## Task description
All that should be output is the block of lines below from the line with "Liitekuvio 1. Tylliset ja tyllisten trendi" to the line with "2月2日全国15个重点城市中厚板大户日成交量减少", both included, exactly as written.

----- Material for this exercise -----

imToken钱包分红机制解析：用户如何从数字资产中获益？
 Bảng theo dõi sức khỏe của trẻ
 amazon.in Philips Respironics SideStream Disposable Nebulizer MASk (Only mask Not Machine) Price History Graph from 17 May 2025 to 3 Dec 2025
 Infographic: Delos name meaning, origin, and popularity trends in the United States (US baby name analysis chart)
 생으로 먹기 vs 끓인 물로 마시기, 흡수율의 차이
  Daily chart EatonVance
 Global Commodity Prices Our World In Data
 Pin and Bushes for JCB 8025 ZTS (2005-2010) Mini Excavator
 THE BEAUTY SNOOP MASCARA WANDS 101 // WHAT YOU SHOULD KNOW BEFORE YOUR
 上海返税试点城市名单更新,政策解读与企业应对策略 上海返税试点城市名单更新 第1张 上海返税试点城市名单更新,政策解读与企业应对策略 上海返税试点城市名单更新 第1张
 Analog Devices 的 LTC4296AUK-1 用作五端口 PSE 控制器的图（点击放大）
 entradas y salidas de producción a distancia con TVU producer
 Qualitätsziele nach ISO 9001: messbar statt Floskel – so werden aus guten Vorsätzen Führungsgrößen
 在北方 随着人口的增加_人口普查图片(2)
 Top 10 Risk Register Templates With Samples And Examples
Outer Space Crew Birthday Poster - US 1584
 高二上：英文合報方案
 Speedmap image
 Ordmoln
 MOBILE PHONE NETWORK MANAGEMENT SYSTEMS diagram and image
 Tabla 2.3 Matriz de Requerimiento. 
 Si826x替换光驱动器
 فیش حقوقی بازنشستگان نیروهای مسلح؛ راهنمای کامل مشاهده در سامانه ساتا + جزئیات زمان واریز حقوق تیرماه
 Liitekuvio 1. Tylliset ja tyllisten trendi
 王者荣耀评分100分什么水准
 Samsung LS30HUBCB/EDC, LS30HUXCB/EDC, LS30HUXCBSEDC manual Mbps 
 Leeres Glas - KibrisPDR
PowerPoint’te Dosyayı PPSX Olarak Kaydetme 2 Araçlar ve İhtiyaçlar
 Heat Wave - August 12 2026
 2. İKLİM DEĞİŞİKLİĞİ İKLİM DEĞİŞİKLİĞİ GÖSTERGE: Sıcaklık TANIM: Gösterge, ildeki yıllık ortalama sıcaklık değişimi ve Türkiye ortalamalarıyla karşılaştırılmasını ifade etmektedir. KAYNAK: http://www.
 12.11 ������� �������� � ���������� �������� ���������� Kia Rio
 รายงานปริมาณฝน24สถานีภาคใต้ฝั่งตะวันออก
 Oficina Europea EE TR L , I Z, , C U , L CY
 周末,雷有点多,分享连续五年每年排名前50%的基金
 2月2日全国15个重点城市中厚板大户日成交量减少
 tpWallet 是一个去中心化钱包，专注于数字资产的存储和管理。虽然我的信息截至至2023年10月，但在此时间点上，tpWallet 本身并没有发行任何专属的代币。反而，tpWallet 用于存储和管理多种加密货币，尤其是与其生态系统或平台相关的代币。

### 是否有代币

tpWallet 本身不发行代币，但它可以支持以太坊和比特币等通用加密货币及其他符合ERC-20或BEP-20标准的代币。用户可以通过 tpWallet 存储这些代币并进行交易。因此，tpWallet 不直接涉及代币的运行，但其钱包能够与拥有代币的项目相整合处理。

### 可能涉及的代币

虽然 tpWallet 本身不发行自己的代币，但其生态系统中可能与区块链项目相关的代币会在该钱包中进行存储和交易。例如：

-----

## Completed exercise
 Liitekuvio 1. Tylliset ja tyllisten trendi
 王者荣耀评分100分什么水准
 Samsung LS30HUBCB/EDC, LS30HUXCB/EDC, LS30HUXCBSEDC manual Mbps 
 Leeres Glas - KibrisPDR
PowerPoint’te Dosyayı PPSX Olarak Kaydetme 2 Araçlar ve İhtiyaçlar
 Heat Wave - August 12 2026
 2. İKLİM DEĞİŞİKLİĞİ İKLİM DEĞİŞİKLİĞİ GÖSTERGE: Sıcaklık TANIM: Gösterge, ildeki yıllık ortalama sıcaklık değişimi ve Türkiye ortalamalarıyla karşılaştırılmasını ifade etmektedir. KAYNAK: http://www.
 12.11 ������� �������� � ���������� �������� ���������� Kia Rio
 รายงานปริมาณฝน24สถานีภาคใต้ฝั่งตะวันออก
 Oficina Europea EE TR L , I Z, , C U , L CY
 周末,雷有点多,分享连续五年每年排名前50%的基金
 2月2日全国15个重点城市中厚板大户日成交量减少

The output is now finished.